Claudia Lopez Tough Love Miami Claudia Lopez Tough Love Miami

Vixen Chat: 'Tough Love Miami's' Claudia Lopez Talks Top 5 Dating Rules + Balance

of Tough Love Miami is no stranger to the glitz and glam of a television star. A Spanish network soap opera actress and TV host, the Colombian born Lopez was living the vida loca in Miami until she decided to put down the scripts to discover her love style, love hardships, and ultimately, love for herself. Unlike soap operas, there are no on-screen touch-ups or do-overs, and Claudia wouldn’t have it any other way. Holding nothing back, the buxom beauty discusses separating from her daughter's father, her first date rules and her own mini Tough Love boot camp. – Mireya Fernandez (@MsMFer)

VIBE VIXEN: What made you interested in being on a show like Tough Love Miami?
CLAUDIA LOPEZ: Well, I work on television. I’m an actress, a TV host and a producer for Spanish networks, so I have been too busy to even think about dating or being in a relationship. But of course it’s always been my dream to transcend into the English market. An agent I know had approached me about the show, and I immediately said, no, then a casting director approached me via Facebook and told me more about the show. I was very hesitant, then I started to really think about it. I started evaluating my life, and I knew I had my issues. [Work] just became like a trend, from one shoot to the next set to the next shoot, so I figured it was the best opportunity to work and work on myself. I could be on television in the American industry and figure out what was going on with my love issues at the same time.

Would you say the show taught you the balance between work and a love life?
I can’t begin to describe all the ways it helped. I would have to live a hundred lifetimes to completely heal from everything that the show really helped me open my eyes to. I became very close with JoAnn [Ward]. She is a sweetheart. The entire production of the show was just so real and I just can’t emphasize that enough. It was a breath of fresh air. These were real scenarios and people really wanted to help us. I’m not saying I’m the relationship expert now, but I did learn a lot.

What have you been working on since the show?
I usually tend to sabotage relationships. I’m either scared to get hurt, or I pick the wrong guy.

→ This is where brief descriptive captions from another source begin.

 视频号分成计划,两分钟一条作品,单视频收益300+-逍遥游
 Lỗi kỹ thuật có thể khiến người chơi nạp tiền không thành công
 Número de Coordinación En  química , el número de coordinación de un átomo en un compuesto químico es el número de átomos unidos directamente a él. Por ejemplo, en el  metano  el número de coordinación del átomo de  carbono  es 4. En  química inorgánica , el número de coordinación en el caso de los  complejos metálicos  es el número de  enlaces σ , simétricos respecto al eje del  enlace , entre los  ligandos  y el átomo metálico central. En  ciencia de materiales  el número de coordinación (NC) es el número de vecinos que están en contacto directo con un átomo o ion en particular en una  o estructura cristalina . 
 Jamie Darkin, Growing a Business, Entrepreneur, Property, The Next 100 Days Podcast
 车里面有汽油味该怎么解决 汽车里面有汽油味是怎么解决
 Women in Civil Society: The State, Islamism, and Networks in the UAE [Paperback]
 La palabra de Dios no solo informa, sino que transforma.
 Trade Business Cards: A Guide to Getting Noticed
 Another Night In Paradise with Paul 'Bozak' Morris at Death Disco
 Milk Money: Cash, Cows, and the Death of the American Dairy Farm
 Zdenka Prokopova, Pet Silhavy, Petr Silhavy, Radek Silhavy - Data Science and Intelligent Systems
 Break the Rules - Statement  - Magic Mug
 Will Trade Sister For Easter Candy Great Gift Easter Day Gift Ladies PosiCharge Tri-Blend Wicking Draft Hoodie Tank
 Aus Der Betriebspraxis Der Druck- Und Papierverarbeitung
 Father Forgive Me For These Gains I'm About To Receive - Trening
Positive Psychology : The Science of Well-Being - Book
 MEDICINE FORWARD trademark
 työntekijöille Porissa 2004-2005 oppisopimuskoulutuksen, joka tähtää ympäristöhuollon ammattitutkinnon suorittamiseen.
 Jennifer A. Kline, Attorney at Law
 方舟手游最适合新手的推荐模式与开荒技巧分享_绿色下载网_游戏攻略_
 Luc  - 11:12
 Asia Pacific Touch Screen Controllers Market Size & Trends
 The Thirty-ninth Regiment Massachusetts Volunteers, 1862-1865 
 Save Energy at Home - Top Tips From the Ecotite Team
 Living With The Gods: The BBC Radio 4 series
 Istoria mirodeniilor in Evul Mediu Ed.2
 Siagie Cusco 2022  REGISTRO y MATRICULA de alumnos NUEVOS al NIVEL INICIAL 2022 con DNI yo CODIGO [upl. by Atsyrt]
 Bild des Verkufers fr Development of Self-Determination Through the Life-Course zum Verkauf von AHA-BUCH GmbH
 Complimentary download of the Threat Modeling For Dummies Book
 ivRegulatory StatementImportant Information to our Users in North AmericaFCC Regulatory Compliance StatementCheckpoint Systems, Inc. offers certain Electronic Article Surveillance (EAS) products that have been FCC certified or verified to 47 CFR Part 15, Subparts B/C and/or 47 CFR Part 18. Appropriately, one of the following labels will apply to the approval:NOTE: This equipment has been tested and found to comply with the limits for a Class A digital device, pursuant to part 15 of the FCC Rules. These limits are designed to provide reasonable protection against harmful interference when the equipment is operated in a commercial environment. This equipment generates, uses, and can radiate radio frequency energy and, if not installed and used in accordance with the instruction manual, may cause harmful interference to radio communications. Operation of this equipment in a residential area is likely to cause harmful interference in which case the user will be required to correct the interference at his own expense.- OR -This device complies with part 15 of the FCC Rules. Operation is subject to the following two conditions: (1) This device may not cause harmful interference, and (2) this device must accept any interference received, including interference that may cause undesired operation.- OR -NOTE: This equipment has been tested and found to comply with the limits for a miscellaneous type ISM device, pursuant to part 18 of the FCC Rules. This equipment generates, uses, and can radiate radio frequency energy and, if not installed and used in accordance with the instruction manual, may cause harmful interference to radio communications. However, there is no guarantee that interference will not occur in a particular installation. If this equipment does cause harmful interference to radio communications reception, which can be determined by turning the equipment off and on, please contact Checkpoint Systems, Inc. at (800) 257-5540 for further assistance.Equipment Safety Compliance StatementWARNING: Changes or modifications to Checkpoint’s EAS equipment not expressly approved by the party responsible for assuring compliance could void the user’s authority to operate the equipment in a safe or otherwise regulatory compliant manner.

I set myself up, and I know these men are going to mess up. It’s the same story, and once again, I would bury myself in work. I’m now trying to find the right kind of guy and be open to a healthy relationship. Something to look forward to.

What is the most difficult moment in your love history to date?
It’s so hard to think of just one. I think that all breakups are difficult, especially when you break up with someone who is a good catch. That’s the hardest. You can’t actually force yourself to be in love. You cannot force yourself to be with somebody just because they are a good person. I was in a relationship [with] my daughter’s father. He was a good man, very decent, hard worker, loyal and those qualities should have been enough, but the love never grew from there. I was with him when I was really young and we grew apart. I looked for reasons to stay, just like a lot of women do. That was the hardest moment.

What are your dating 101 tips for your daughter?
What’s funny is that even though she is not of the dating age, I have been kind of molding her. They are like my own little Tough Love boot camp lessons. Besides the obvious, which are to have morals, guys like you to be a lady. I think that men, at the end of the day, are hunters. They like the chase, so if a woman is just going to serve them everything on a platter and give it to them all at once, he won’t want to chase her. I have spoken to so many of my guy friends, and they all agree with me. Of course, we aren’t talking make the guy wait for a whole year, but take it easy. I am really against sex on the first date or even a really intense kiss. This is what sets up the potential to go on a second date, so control yourself.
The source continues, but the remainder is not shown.